If you optimise entry but ignore how people actually experience the space, you haven’t solved the problem.

It’s not a capacity problem, it’s a flow, attention, and narrative design problem.


Logistics: The Warehouse Illusion

I had a conversation last year with one of the world’s largest logistics companies, and their focus was very clear, robotics, computer vision, AI-driven picking. All impressive, and all valuable in the right context.

But the bigger questions sit around it, what informs inbound timing, how are suppliers integrated upstream, can routing adapt to congestion in real time. Is demand forecasting connected to automation logic, are customers incentivised to help smooth demand patterns, is the warehouse reacting or is the system anticipating.

If picking becomes faster but trucks are still queueing outside, the system hasn’t improved, you’ve just made one part of it better while the overall experience is still inefficient.


The Missing Layer: Behavioural Design

This is the bit that’s often overlooked, the best systems don’t just optimise operations, they bring the customer into the system itself.

Think about Uber, it works because it’s not just infrastructure, it’s behaviour, timing, feedback and decision-making all connected. Riders aren’t external to the system, drivers aren’t external either, they are the system. And the interactions are simple, small nudges, quick decisions, very low friction, often just a yes or no.


What This Looks Like

Now imagine a stadium designed like that, not just as a place with systems, but as a connected system that adapts in real time. You get a nudge suggesting when to arrive, you can pre-order drinks with one tap, collection points adjust based on congestion. Incentives encourage better timing, staffing adapts behind the scenes, and the whole thing starts to feel smoother without you really noticing why.

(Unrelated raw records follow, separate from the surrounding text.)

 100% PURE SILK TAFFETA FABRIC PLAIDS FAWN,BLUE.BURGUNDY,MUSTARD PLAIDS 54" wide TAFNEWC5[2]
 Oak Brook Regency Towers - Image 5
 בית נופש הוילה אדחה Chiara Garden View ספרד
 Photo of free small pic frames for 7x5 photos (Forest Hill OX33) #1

It doesn’t feel like effort, it just feels like it works, and that’s usually the sign of a well-designed system. Everyone benefits, better flow, higher spend, less waste, happier people, and fewer queues in the rain.


This Is a Brand Play

None of this works without trust, people won’t engage with it unless it feels simple, fair and genuinely useful, and that comes down to brand as much as it does technology.

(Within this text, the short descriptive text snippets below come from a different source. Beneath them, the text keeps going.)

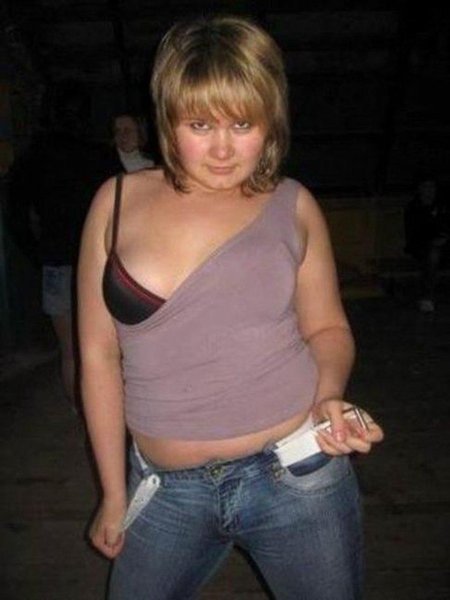 Женщина полненькая в социальных сетях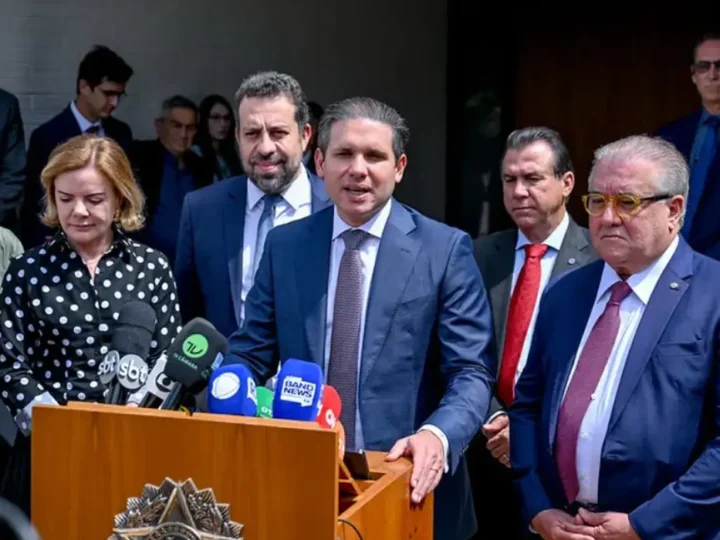 Regulamentação de trabalho por aplicativo deve ser votada em abril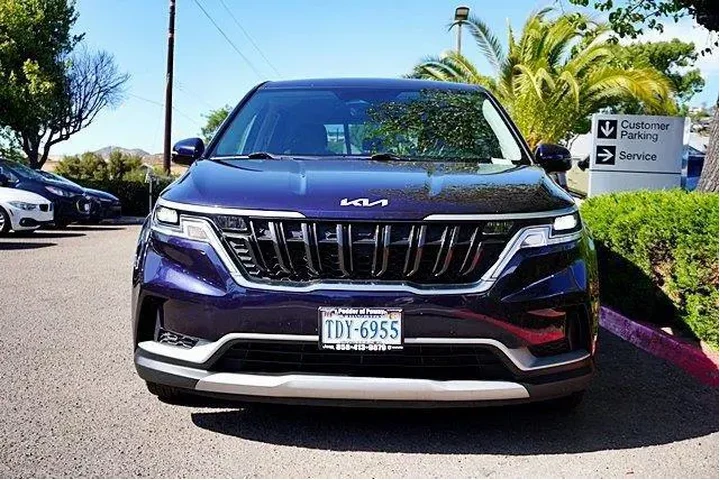 $27832 : Kia Carnival 2024 LX 4dr Min image 5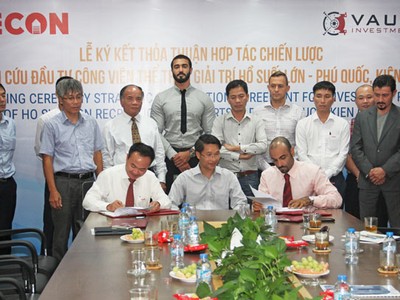 Ông Phạm Việt Khoa - Chủ tịch HĐQT FECON và ông Sultan Ali Lashed Lootah - Chủ tịch Quỹ Kl99ok phiên bản mới VAULT cùng ký kết thoả thuận hợp tác vừa ký kết dưới sự chứng kiến của Đại sứ đặc mệnh toàn quyền Việt Nam tại UAE Phạm Bình Đàm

Brand isn’t just what you say, it’s what enables people to say yes, it’s what makes the system feel like it’s working for them, not on them. Without trust nudges feel intrusive, with trust they feel helpful, and that’s a big difference. Behaviour becomes part of the infrastructure, and brand is what makes that possible.


The Real Shift

Ten years ago this kind of thinking was harder to execute, the tooling wasn’t there in the same way and the cost of experimentation was much higher. Now most of the pieces exist, APIs, cloud infrastructure, real-time data, rapid prototyping, you can test and learn far more quickly than before

So the barrier isn’t really technology anymore, it’s how we think about the problem and whether we’re willing to step back far enough to see the whole system. Most organisations optimise departments, very few design systems, and that gap is where the opportunity sits.


The Bottom Line

My last trip to Heathrow made me stop and think... we don’t need smarter kiosks, we need smarter systems, and more importantly we need to design them properly. The future of stadiums, airports, museums and logistics won’t be defined by who installs the most tech, it will be defined by who connects everything together in a meaningful way. Operations, data, behaviour, brand and customers all working as one system.

When that happens things stop feeling fragmented and start to feel seamless, and that’s where the real value is created/ Stop optimising the queue, start designing the system. That’s the shift, and it’s one I’m leaning into properly now.